In a Senate hearing last year, Espinosa tagged Lim as top illegal drugs supplier in Central Visayas.  

An earlier National Bureau of Investigation report to the Justice Department said that Lim, who met with Duterte a year ago to deny that he was a drug dealer, is the same personality in the drug matrix released by the President last year.

Peter Lim

However, the bureau said the involvement of Lim in the illegal drug trade was a matter yet to be investigated.

Also on Monday, the Doha-based news network Al-Jazeera said fishermen claim they have been dumping bodies of alleged victims of the bloody war on drugs near Manila Bay on orders of the police, but the Palace dismissed the report as hearsay.

A local fisherman who goes by the name of “Manuel” claimed that he has personally disposed of 20 bodies that authorities called “trash.” 

“We usually throw them out in Manila Bay,” he told Al Jazeera. “Sometimes we put weights on it, so it doesn’t float up.

One of the dumped corpses, the report claimed, was known to the police as a drug pusher.

Responding to the report, Malacañang said that critics better present proof that the alleged killings were taking place. 

“As far as we are concerned, those are mere allegations, if there are no evidence to back up that. Then that remains  hearsay,” Senior Deputy Executive Secretary Menardo Guevarra said in a Palace news briefing. 

Shortly after winning the presidency, Duterte warned that the 1,000 persons summarily executed since 1990 as claimed by the New York-based Human Rights Watch will reach 100,000 if he  becomes the country’s president. 

“You drug pushers, hold-up men and do-nothings, you better go out,” he said in May 2015. “Because I’d kill you.
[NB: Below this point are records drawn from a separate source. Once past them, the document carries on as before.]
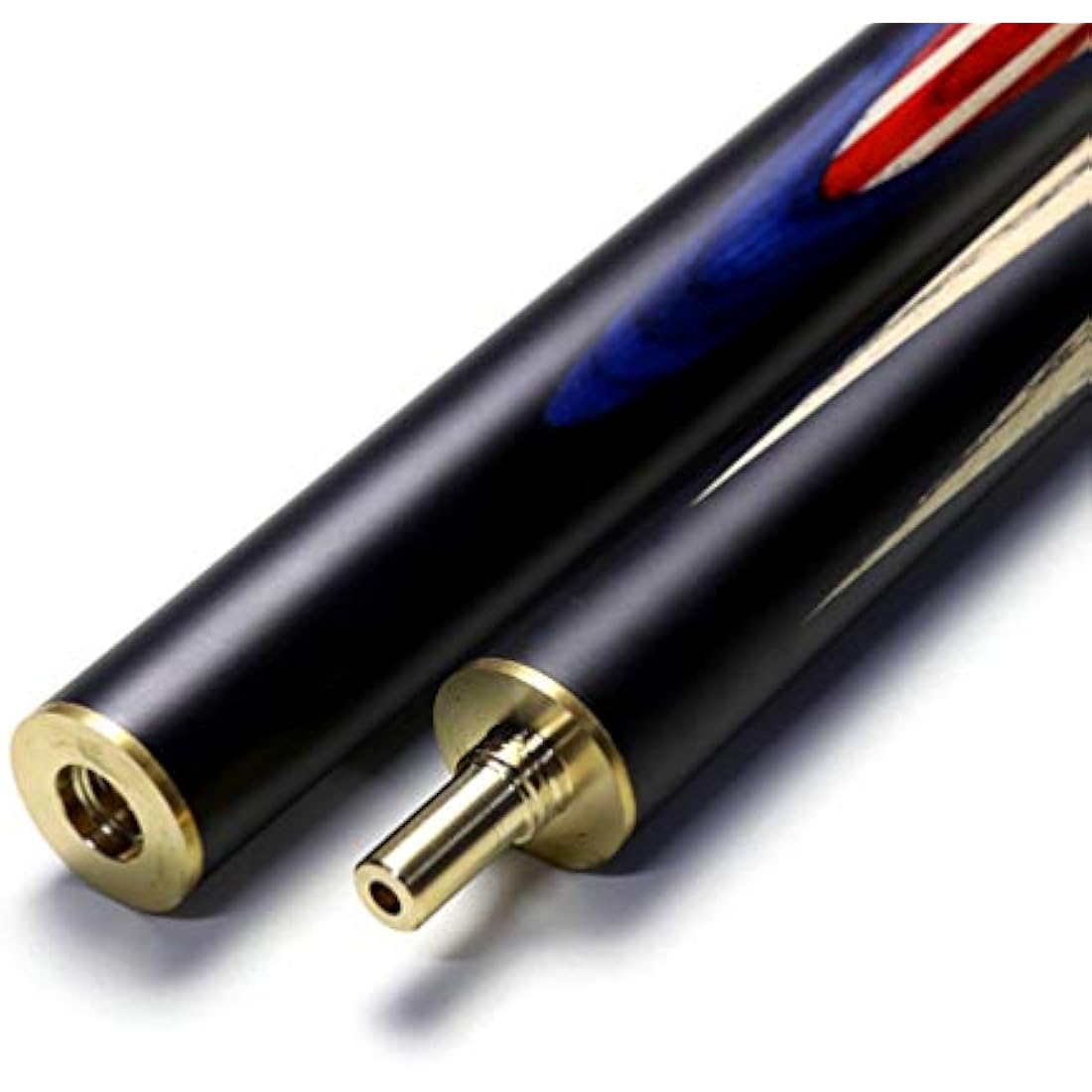 CUESOUL 57" Ebony Snooker Cue – 3/4 Jointed Ash Shaft with Union Jack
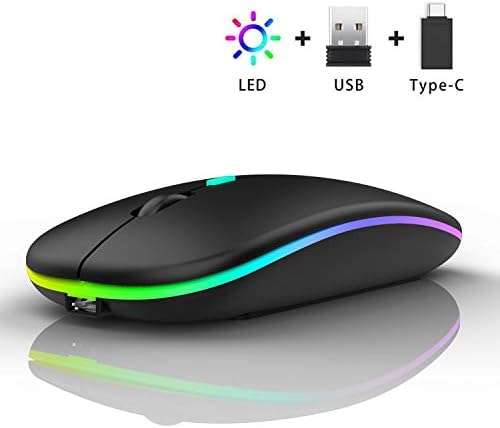 Mouse sem fio LED, mouse sem fio para computerr de mesa, mouse sem fio para MacBook Pro/Air/PC/Laptop ,, 2,4g portátil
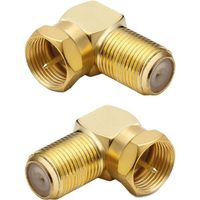 2 pièces prise d'angle satellite 90 degrés, prise d'angle coaxiale, angle de prise d'antenne pour câble d'antenne, câble satellite, câble coaxial, plaqué or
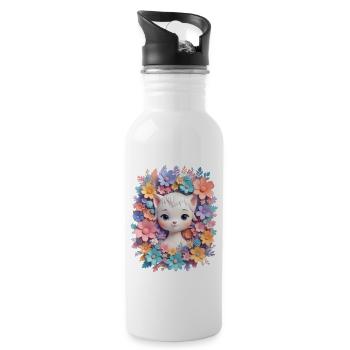Happy Cat Happy Home - Water bottle with straw - white - Right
I’ll dump all of you into Manila Bay, and fatten all the fish there.”

Thousands of people have died since President Rodrigo Duterte took office last year and ordered an unprecedented crackdown on drug-related crimes that has drawn global criticism and allegations of widespread human rights abuses.

The Duterte administration defended its drug war against critics, saying reported figures–from 7,000 to 9,000–were overblown.

As soon as he got into office, Duterte waged his controversial drug war resulting in more than 3,151 deaths from July 1, 2016 to June 13, 2016 alone, according to government statistics. 

Official data from the Philippine National Police have also pegged the total number of homicide cases at 9,432 from July 2016 to March 2017.

Of this number, 1,847 deaths were said to be drug-related, while 1,894 were not. The remaining 5,691 cases, or about 60 percent of the total figure, were still under investigation.

Duterte’s anti-narcotics drive has also resulted in a 26.45 percent drop in the estimated total drug market, and 28.57 percent reduction in index crime, PNP data shows.

Government data showed that authorities have facilitated the surrender of 1,304,795 drug suspects from July 1, 2016 to June 6, 2017.